Setting the price forced the design team to create smart solutions for everything, including the hangers. Those little hooks, which allow stores to display and store the products, would have increased the price of the synths, so to keep costs down the engineers chose to incorporate them into the actual circuit board, in a section that can then be snapped off.
Also, the synthesizers don’t come with a case – this is sold separately or can be created using a 3D printer.
Launched in January at the NAMM (National Association of Music Merchants) Show, in Anaheim, California, the synths are now on sale in Weekday stores, as well as at Colette in Paris and the MoMA Store in New York.
Kouthoofd anticipates selling 30,000 units, based on the fact that these small electronic gadgets are the offspring of Teenage Engineering’s cash cow, OP-1, which the company launched in 2010. That stripped-back synthesizer is child’s play to use and has garnered fans such as Depeche Mode, Elijah Wood, Jean-Michel Jarre, Nina Persson, Beck, and Nine Inch Nails. Even easier to carry, just as simple to program and play, and at a very different price, miniature synthesizers are now accessible to more people than ever before. The original OP-1 model sold for more than SKr 7,000 ($ 850).
Teenage Engineering was founded in 2007 by Kouthoofd and three others. Kouthoofd had left Acne, which he had helped found, following a personal and professional crisis.
He had intended Acne to be a latter-day equivalent of the German Bauhaus school, a creative collective with shared social and aesthetic values (he describes himself as very left-wing), not a jeans company and advertising agency.
“Perhaps I drew my line in the wrong place,” he says. “I was naïve in how I started the project, commercially naïve.”
He tells how he refused to accept Sweden’s Young Conservatives as a client, even though Acne needed the money. Then his wife left him, and the situation between Kouthoofd and his partners imploded. He felt there was no one on his side, not at Acne nor in his private life.

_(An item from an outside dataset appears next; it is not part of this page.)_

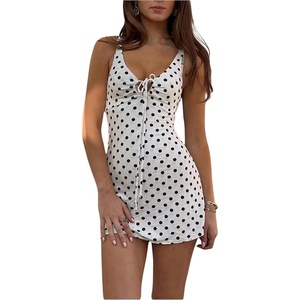 image:imageFloerns Womens Summer Mini Dress Polka Dots Tie Front Bodycon Dresses  Tie Front Date Night Country Concert Spring Sundress Cute Mini DressWhite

“It even made me contemplate suicide, and for that I can never forgive them,” he says. “One of the worst things was that it was a corporate culture that I had helped to create. In retrospect, I can see that I was a bit dictatorial at times, which never goes down well. But I still think it is strange. The hardest thing is that they were my friends.”
He hasn’t changed his tune, though.
“I tried to sneak a tiny picture of Karl Marx into a product Teenage Engineering made, but the others stopped me,” he smiles. “I’m still getting up to mischief!”
Bauhaus remains an iconic style that is reflected in Kouthoofd’s design vision as an interdisciplinary and collective task. The creative process takes place simultaneously on both the programming and design sides, not just as a concept that eventually finds its way to the programmers.
“We sit around and chat with one another, go for a burger at lunchtime, and talk about what we think would be fun, interesting, or exciting,” he says. “Then we go back and I build a box that reflects their vision.”
There is a framework surrounding this free creativity in the form of a noticeboard in the middle of the workshop. This is where everyone can see their jobs for the week, written on sticky notes. Once they have completed a task assigned to them, they move the note to the “completed” section.
The aesthetic rules are few but specific. Simple design, like toys. Basic shapes. A specific palette of primary colors, topped off with a bit of humor.
Kouthoofd produces something out of a box that resembles a hockey puck and is about the same size as his personal talisman, his snusbox (Swedish snus is a bit like wet snuff). It’s a remote control for the speakers that Teenage Engineering is currently developing. The volume works with stepless adjustment and can be increased with the swipe of a finger.
All the work done here follows the same process: Ideas are developed as a team and work groups are set up by those who like a particular idea. Kouthoofd builds the prototypes.
“The company is a collective,” he says. “That’s something I learned from Acne. We make our decisions here democratically.”